Friday, July 3, 2015

Fast Times at the Annual Meeting of the American Society of Parasitologists

Greetings fellow parasitophiliacs! First of all, let me begin how I've begun far to many of my most recent posts by apologizing for my lack of writing lately. As a PhD candidate, I could come up with a million excuses...namely that I'm focusing heavily on my dissertation at the moment...but suffice it to say that I've had good intentions without the available time it takes to write something that you *hopefully* will enjoy reading.

I'll try to keep today's post short and sweet without getting too sentimental. Last weekend I attended my first American Society of Parasitologists meeting. I've been a member of this society for several years, but this was the first time I was able to go to one of the annual meetings.

This meeting was held over the course of four days in Omaha, Nebraska. The meeting consisted of a wonderful mix of student and faculty presentations covering a wide range of parasitological topics.

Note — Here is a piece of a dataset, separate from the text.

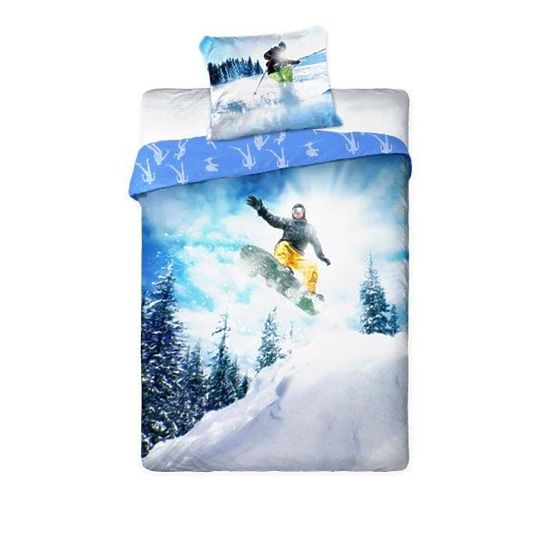 Povlečení Snowboarding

There were a few symposia on topics that included undergraduate education and community outreach with regard to parasitology. These symposia featured several excellent talks by prominent members of the society.

For me, the most fun part of the meeting was the ability to catch up with other parasitologists and to have the chance to meet some of the "big names" for the first time. Like any young professional, I always leave wondering if I made the good impression that I hoped to make or if I said something stupid without realizing it. However, everyone that I met was welcoming and kind, so if I did say something stupid, they were nice enough not to make me feel dumb. It's pretty amazing to be a part of a society that is full of so many people who make you feel like you belong even if they've just met you.

The president of the society described our gathering as being similar to a "family reunion". It certainly felt that way to me, even being a relative new-comer with regard to attending the national meetings. I got to see many familiar faces from the Southwestern Association of Parasitologists (SWAP) and Rocky Mountain Conference of Parasitologists (RMCP) meetings that I've been attending since Dr. Duszynski took me to my first SWAP meeting while I was working on my master's. It's always great catching up and seeing what sorts of things people are working on.

I was also fortunate to meet a number of new people, including fellow students and prominent parasitologists conducting research in all kinds of neat areas. I met the now past-president of the society, Dr. David Lindsay, and got to talk to him about Toxoplasma gondii and other fun coccidia that he has spent his career studying. He introduced me to his student, Richard, who is studying Sarcocystis. He also offered me some of his spit to help with my dissertation...I've never been so excited to have received such an offer! (He is seropositive for T. gondii, so I could really use his spit to help with some of my experimental work.)

I briefly met our new president, Dr. Mark Siddall. Dr. Siddall studies leeches and works at the American Museum of Natural History. We didn't talk long, but we did get to talk a bit about outreach for the society. I can't commit to much, but it would be good to give back to the society in some way. I plan to send him an email later to touch base about how I can help. (I'm thinking I'll pitch the idea of getting ASP on Imgur, which would be pretty cool!) He also talked to me a bit about my dissertation and offered to put me in touch with some ancient DNA people if I have time to add that component into my dissertation work. Additionally, I got to meet one of his students briefly. The student was doing this really great work with microCT scanning of leeches. The animations in his presentation were excellent.

I was able to meet with several people who took the time to speak with me about my dissertation work. First, I met Dr. Charles Faulkner. I have read several of Dr. Faulkner's papers, so it was very exciting to meet him in person. We had a couple of opportunities to chat about the molecular work that I will be embarking upon this August and he was kind enough to give me his thoughts on some of the parasite eggs that I've been finding in my samples. What a great guy!

I also met with Dr. Agustin Jimenez. I've known Agustin for several years and I was happy that he had time to chat with me at ASP. He sat with me for a good while giving his thoughts on some of my photos of parasite eggs from my material and he had lots of insights to share since he had published on material from the same site. He even sent me some supplementary material from his work on the site that I've been looking through since I got back to the station for the summer.

I got to talk with lots of other people, but this post is already starting to look a bit long, so I'll cut it short for now. Overall, this was a great meeting! I enjoyed the food, fun, and familiar faces that filled the venue and it was wonderful to meet so many fellow parasitophiliacs in one place. I look forward to next year's meeting and to doing a little bit of service for such an open and supportive society run by awesome people. :)

The Moral of the Story
If you love what you do, you should seek out societies of like-minded people. Attending these meetings is a great way to enhance your knowledge base of the discipline and to expand your network of colleagues (and friends if you are lucky). These gatherings open the door for collaborative efforts and can be hugely beneficial for troubleshooting your own research. Plus, a hotel full of parasitologists is a pretty fun place to be! Where else can you talk about parasites while eating and not have one person make a comment about how it's not appropriate dinner conversation? (The struggle is real!)